The Matrix Metalloproteinases Panel in Multiple Sclerosis Patients Treated with Natalizumab: A Possible Answer to Natalizumab Non- Responders

Background: In the lymphocyte migration across the blood-brain barrier (BBB) in multiple sclerosis (MS), matrix metalloproteinases (MMPs) play an important role in the degradation of the basal membrane. Natalizumab (NAT), a monoclonal antibody, binds to the alpha-4 (α4) integrin leading to BBB impermeability. Approximately 30% of NAT-treated patients show clinical or MRI signs of BBB disruption. Objective: To determine whether NAT significantly influences the MMPs serum levels and to what extent these could be used as biomarkers in relapsing-remitting MS (RRMS) patients. Materials and Methods: This prospective study over a period of 8 months of NAT treatment, included 30 RRMS patients (mean age 38 ± 6 years; mean MS duration 12 ± 5 years), of which ten were initially naive to NAT and 15 were healthy controls.
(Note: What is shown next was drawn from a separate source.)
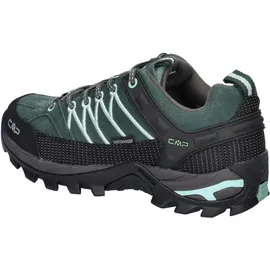 CMP Rigel Low WP Damen Trek Green/Jade 41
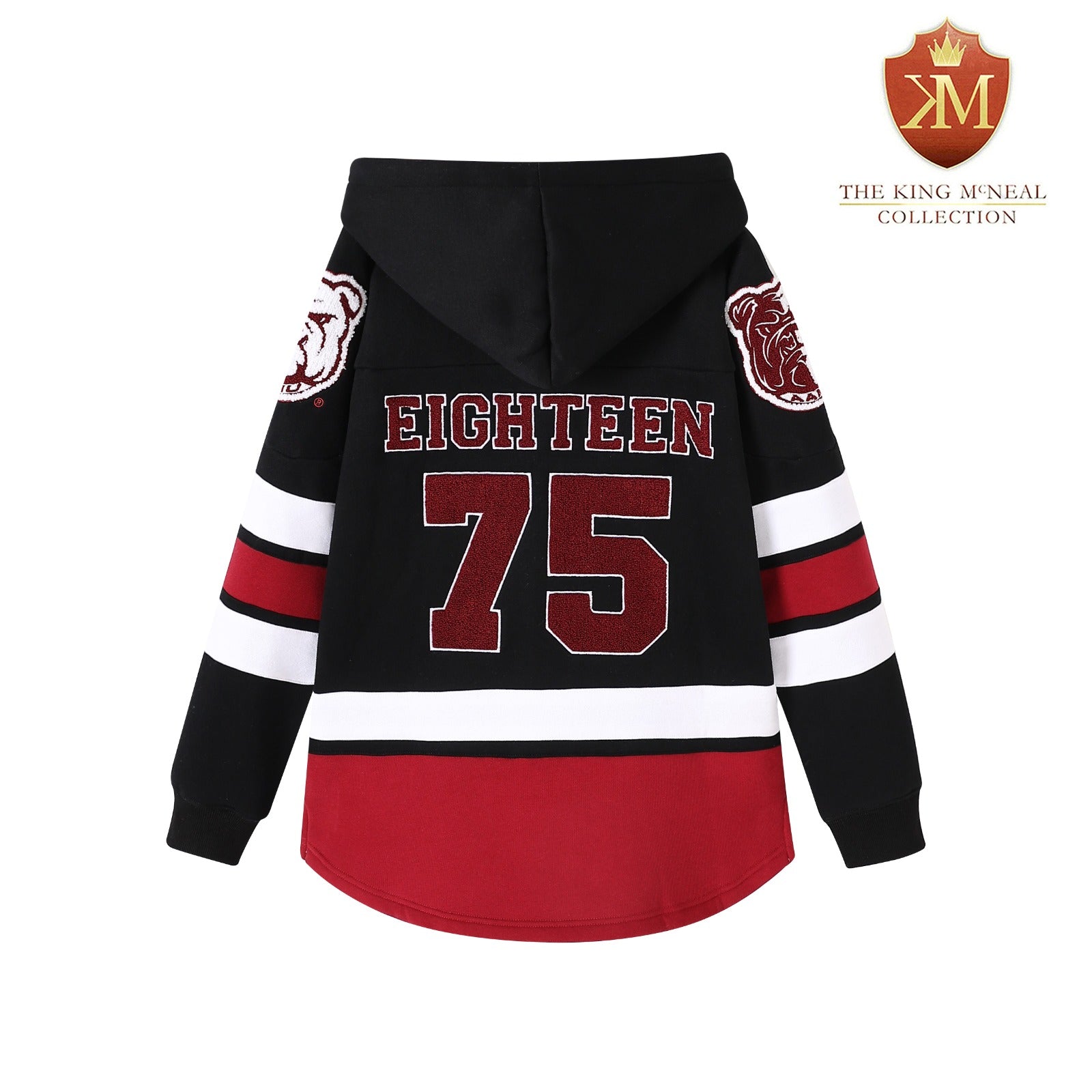 Alabama A&M Black Hockey Hoodie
We determined the serum levels of the MMPs Panel (MMP1, MMP2, MMP3, MMP7, MMP8, MMP9, MMP10, MMP12, and MMP13) quantified by a multiplex method at the beginning and end of the study. Results: After 8 months of NAT treatment, a statistically significant decrease was found in MMP9, MMP2, MMP3, MMP8, and MMP10 levels. Relapses during the study were correlated with a variation of MMP12 and MMP13 serum levels. MMP9 had the most numerous correlations with the EDSS score, Rio score, and duration of NAT treatment. MMPs signature (the sum of all MMPs) and the MMP9/MMP2 ratio significantly decreased during the study. Conclusion: 1. The serum level of MMP9 significantly decreased by NAT treatment and correlates with MS activity; 2. After eight months of NAT treatment, the MMPs signature and the MMP9/MMP2 ratio decreased; 3. MMP9 might be used as a biomarker in MS patients treated with NAT.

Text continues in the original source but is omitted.